Studio Artist

David M Thomas

Above: David M Thomas, 2024. Photo: Lisa Owen-Bourke

Across three decades, David M Thomas (b.1967) has activated multiple modes of research, performance, making, exhibition and performance. He describes his multiform practice as 'demonstrative cultural criticism’, which is achieved by preserving the makeshift while courting the role of amateur. Thomas maintains a mood of deadpan humour that masks a strategic consideration of personal text, biography and acquired objects. Audio and photographic documentation processes have also played a central role across his career. His ongoing theoretical and practical interest demonstrates how archives function for artists (and historians) in valuing, determining and communicating the historical development, persistence and movement of philosophical and political thought.

 Thomas began his practice in Sydney in the early 1990s where he instigated the legendary CBD Gallery. Recent projects include the installation Sub Urban Mystic at Outer Space, Brisbane (2022); a three-month residency developing the project Resonant Forms, at Sculptors Queensland, Brisbane (2021); and the installation, Mater Matter for Stable, Brisbane (2020). Other solo exhibitions include Simple Math at Knulp, Sydney (2017) and Real Distraction, at Wreckers Artspace, Brisbane (2018). His work has also been exhibited at the National Portrait Gallery of Australia, Canberra; Artspace, NAS Gallery, Casula Powerhouse and Museum of Contemporary Art Australia, Sydney;  Queensland Art Gallery, Gallery of Modern Art, Institute of Modern Art and Griffith University Art Gallery, Brisbane; Monash Gallery of Art, Melbourne; and Canberra Contemporary Art Space.

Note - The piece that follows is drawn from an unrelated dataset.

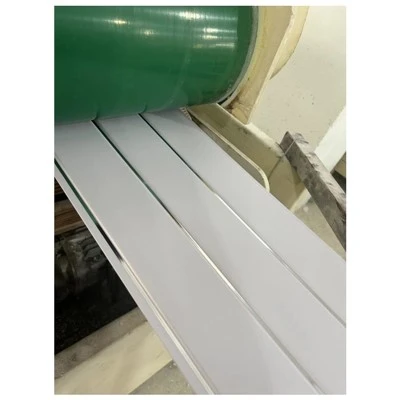 Placa de tauler de paret de panell de sostre de PVC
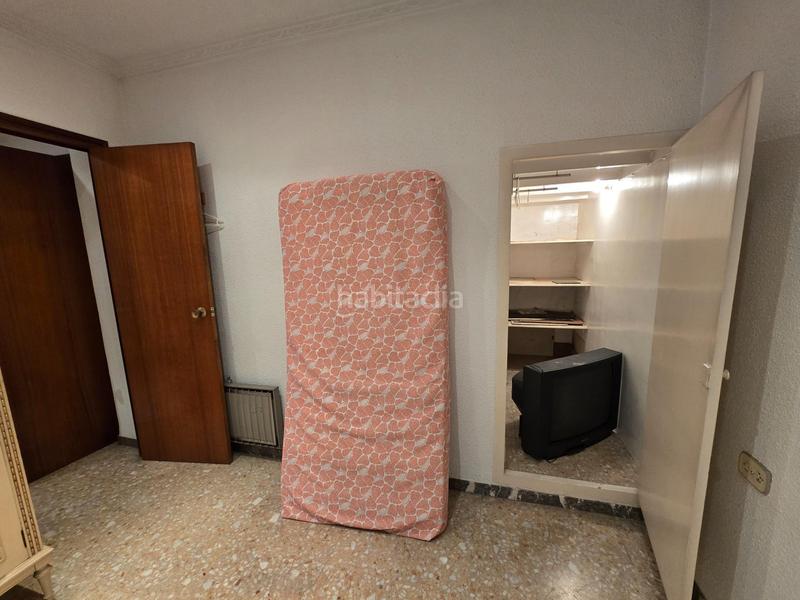 Foto 1e677cdf-1967-43a8-a898-320c485fe4dd. Casa in Nord Sant Carles de la Ràpita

 Under the stage name David Ethix, Thomas has collaborated with Brisbane sub-tropical goths ∑GG√EIN since 2011, which he founded with artist Archie Moore. Recent performances include the opening event for Yuriyal Eric Bridgeman + Haus Yuriyal Arebaa / Sun and Moon, Milani Gallery, Brisbane (2023); Essential Tremors Festival, Phoenix Central Park, Sydney (2022); and Making Art Work, Institute of Modern Art, Brisbane (2020).